Error control (again!!!!)

[From Rick Marken (921216.1200)]

I'm bringing this to the net from a couple of offline exchanges
with Martin Taylor. Martin said I could and I think it's worth-
while. Maybe by opening this up to other minds we can clarify
things. Here is some background:

Martin said:

Bill's model doesn't control the derivative of the squared error, in any
normal sense.

I said that it does. The derivative of squared error (de^2) is one of the
intrinsic variables controlled in Bill's model of reorganization.

Martin said:

Now what is controlling what? I think what is being controlled is the value
of some intrinsic variable.

And I said

de^2 is the intrinsic variable being controlled relative to an intrinsic
reference which happens to be 0;

And Martin said:

This makes no sense to me. In words, you are saying that whatever the
error is in the intrinsic variable (say blood CO2 level, for example),
what is controlled is that this error should not change. To me, the
only thing that makes sense is that there is some reference level for
blood CO2, and if this is too high or too low, and particularly if it
is moving in the wrong direction, then the main hierarchy needs reorganizing.

Martin is missing my point. I assume that de^2 is the output of a perceptual
function whose input is error signals from many different control systems in
the hierarchy: de^2 = d(e1+e2+....en)^2 say. This signal (de^2) is compared to
a reference value, r, which is intrinsic because it is set by evolution -- it
is not part of the regular perceptual control hierarchy -- de^2 is a
perceptual
measure of "how well the hierarchy is doing". The error signal that
results from subtracting de^2 from r (r - de^2) is converted into an
output signal whose amplitude determines the probability of a random
change in some parameter of the VERY SAME control systems whose
error signals (e1, e2, etc) contribute to the value of de^2. The change
in parameters might improve the performane of the control systems
(reducing the error in the systems and, hence, bringing de^2 closer to
the reference, 0) or it might make their performance worse (more error,
increased de^2, bigger difference between de^2 and r and greater
probability of another change in parameters soon).

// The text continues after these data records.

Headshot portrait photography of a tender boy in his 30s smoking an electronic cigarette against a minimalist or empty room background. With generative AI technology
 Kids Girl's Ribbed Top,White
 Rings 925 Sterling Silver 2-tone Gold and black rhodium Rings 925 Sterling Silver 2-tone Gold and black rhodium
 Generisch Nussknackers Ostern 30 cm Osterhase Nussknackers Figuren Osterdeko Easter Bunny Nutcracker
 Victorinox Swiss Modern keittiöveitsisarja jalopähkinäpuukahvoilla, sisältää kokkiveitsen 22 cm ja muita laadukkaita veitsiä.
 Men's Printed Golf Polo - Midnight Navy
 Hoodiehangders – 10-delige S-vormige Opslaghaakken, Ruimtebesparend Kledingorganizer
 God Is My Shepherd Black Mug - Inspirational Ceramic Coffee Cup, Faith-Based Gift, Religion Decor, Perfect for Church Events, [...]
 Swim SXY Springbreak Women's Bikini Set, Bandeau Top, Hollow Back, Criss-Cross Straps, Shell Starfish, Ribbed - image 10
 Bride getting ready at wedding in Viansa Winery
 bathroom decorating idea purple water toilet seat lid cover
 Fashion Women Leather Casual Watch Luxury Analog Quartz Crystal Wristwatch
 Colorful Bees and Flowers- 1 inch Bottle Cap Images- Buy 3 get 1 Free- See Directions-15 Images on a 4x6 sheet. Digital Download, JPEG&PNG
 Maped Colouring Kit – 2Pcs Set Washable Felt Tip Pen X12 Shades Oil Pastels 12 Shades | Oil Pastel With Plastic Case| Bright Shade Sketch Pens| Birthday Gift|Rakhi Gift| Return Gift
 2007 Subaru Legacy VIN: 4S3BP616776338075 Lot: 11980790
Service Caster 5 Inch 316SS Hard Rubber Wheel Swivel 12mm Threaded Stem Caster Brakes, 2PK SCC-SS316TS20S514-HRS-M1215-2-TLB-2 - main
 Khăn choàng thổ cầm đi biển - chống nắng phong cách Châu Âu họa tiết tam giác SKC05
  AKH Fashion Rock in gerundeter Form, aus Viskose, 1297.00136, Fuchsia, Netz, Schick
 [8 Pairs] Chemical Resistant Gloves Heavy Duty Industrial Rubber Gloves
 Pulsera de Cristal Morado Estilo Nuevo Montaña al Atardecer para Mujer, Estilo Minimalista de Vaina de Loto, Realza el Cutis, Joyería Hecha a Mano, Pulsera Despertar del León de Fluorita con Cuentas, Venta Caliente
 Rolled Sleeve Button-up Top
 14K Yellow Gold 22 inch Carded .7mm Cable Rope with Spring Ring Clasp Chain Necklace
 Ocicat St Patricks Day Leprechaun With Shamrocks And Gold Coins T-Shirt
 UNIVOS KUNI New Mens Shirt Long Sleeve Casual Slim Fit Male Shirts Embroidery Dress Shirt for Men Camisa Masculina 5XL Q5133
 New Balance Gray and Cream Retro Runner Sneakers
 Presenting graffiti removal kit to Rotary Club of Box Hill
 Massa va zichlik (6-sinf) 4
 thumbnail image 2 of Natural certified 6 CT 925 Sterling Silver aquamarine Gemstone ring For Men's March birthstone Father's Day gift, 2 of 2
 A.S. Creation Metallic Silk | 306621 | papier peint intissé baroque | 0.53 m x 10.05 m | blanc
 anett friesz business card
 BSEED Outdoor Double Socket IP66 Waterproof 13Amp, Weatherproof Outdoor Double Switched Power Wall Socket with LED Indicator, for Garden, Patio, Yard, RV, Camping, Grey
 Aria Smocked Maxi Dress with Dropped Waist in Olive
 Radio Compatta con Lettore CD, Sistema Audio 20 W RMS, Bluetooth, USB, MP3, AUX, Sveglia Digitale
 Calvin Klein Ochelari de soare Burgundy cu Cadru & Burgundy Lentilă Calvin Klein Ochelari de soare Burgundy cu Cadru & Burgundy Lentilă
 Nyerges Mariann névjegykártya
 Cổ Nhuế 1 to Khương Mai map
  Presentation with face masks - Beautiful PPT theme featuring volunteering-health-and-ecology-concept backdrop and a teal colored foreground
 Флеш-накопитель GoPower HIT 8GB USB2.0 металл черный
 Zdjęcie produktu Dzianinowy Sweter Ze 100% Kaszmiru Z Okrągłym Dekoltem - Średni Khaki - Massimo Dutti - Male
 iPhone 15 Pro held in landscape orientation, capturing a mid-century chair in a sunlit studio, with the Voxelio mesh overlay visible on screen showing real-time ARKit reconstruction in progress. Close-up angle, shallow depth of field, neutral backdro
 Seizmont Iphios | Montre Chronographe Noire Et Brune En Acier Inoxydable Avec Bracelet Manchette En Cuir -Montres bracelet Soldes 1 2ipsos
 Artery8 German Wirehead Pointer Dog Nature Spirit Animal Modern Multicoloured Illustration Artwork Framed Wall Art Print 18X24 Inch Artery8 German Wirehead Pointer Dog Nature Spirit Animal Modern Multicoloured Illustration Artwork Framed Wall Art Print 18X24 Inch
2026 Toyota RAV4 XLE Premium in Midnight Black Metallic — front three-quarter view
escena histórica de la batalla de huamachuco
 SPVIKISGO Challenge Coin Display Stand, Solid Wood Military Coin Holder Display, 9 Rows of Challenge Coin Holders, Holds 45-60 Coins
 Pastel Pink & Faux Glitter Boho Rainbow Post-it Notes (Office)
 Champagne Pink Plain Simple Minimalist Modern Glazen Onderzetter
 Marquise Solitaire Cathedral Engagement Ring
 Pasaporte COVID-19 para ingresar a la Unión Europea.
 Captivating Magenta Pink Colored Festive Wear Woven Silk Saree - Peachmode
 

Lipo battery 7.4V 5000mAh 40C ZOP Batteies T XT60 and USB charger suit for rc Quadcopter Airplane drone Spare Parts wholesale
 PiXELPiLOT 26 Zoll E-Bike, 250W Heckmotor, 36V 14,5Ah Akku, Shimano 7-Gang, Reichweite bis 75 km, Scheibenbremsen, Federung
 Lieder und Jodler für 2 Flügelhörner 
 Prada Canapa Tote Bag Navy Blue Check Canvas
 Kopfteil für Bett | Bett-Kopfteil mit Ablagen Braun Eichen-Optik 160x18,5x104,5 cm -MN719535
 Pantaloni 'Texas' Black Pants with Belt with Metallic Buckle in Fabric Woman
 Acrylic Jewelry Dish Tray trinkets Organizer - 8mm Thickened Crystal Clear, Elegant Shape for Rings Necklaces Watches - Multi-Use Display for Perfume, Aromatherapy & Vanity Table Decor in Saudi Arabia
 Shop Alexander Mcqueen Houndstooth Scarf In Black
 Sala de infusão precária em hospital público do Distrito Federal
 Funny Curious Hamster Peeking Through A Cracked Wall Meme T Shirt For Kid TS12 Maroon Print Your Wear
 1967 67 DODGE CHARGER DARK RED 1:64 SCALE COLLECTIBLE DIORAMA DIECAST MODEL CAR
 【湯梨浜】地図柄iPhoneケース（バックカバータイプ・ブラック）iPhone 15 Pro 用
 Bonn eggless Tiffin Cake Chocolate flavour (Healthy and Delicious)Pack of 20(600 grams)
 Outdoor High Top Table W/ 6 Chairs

I think this is something like how Bill's reorganization system works -- it
improves performance in a set of perceptual control systems by changing
the parameters of those systems in order to keep a perception of the
ambient error in those systems low. In this case, the measure of ambient
error in the lower level control systems (de^2 -- if that's what Bill is
using)
is the controlled INTRINSIC variable.

There are probabaly MANY intrinsic variables that are controlled -- (like
your example of CO2 level) and they are probably controlled by reorganizing
existing control systems. But it is quite likely that the level of error
in the control systems themselves (what we subjectively experience as stress,
I would guess) -- possibly perceived as de^2 -- is one of those intrinsic
variables.

Martin says:

But e*de/dt is not a controlled variable, any more than (in fact less
than) is the error in a normal ECS.

It may not be a controlled variable in your model -- but in the context
in which I was discussing it (and I'm almost sure in Bill's reorganization
model too) IT IS. At least, it CAN be a controlled variable. I think Tom
Bourbon did some modelling of this kind to. Martin, I think you are
confusing the error signal in a control system (any control system --
regular or reorganizing) -- which IS NOT CONTROLLED -- with
a perceptual signal (in any control system) which might DEPEND on
error signals as INPUTS to the perceptual function which produces
the perceptual signal; this signal CAN BE CONTROLLED.

Martin says:

Another way of seeing that d(e^^2)/dt is not controlled is to note that
zero is not a reference level for it. Negative values are even better,
becasue they show that the intrinsic variable is really being controlled.
A zero value is neutral in this respect, in that the error in the intrinsic
variable may be large but unvarying, or the error may be small while changing
wildly. Neither indicates good control, but both are compatible with good
control (momentarily).

Well, this is all quite unclear to me.

If you want to put it on the net, collect all the postings and send them
out as one. But I don't think it worthwhile. I haven't seen anyone else
that seems to be interested in the matter (except presumably Bill, by
inference)

Here it is on the net. There may, I hope, be others interested who just don't
feel like commenting. But I think it's worth it to discuss this in public
because
it seems like you either have a very different understanding of how
reorganization
(and control) work than I do or we're speaking very different languages. The
language problem could be overcome if you just show me your model.

Regards

Rick

[Martin Taylor 921216 17:40]
(Rick Marken 921216.1200)

Rick,

Neither you nor I can talk for Bill. But since you are quoting your
interpretation of what he says, I will, too, since neither of us think
we are altering his model.

When I said it was OK to put our exchanges on the net, I said to put it all
out together, precisely to avoid the kind of selective quotation that you
did put out.

But since you have excluded most of the background and interpretive context,
I guess I have to try to make it intelligible.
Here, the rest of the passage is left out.